#### [EXERCISE INSTRUCTIONS]
Lift out, unaltered, the lines of the material below between the line holding "COMPASS FIAT 14" and the line holding "As The Richest", counting both.

#### [MATERIAL SUPPLIED]
- Opening Delimiter -

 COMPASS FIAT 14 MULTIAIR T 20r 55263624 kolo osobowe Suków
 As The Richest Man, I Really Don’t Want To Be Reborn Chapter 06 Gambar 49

- Closing Delimiter -
- Opening Delimiter -

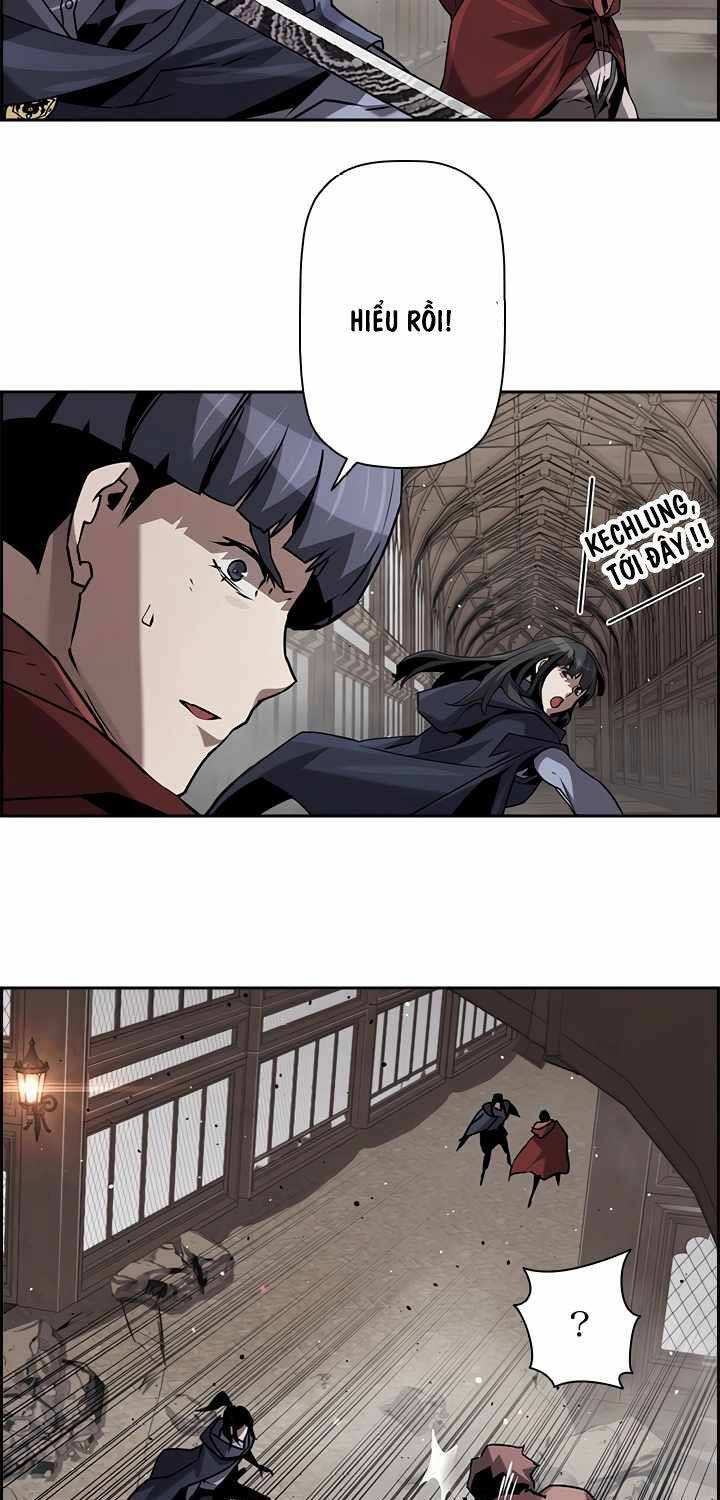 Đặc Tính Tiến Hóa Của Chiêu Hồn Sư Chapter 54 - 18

- Closing Delimiter -

#### [SOLUTION FOR THIS PROBLEM]
 COMPASS FIAT 14 MULTIAIR T 20r 55263624 kolo osobowe Suków
 As The Richest Man, I Really Don’t Want To Be Reborn Chapter 06 Gambar 49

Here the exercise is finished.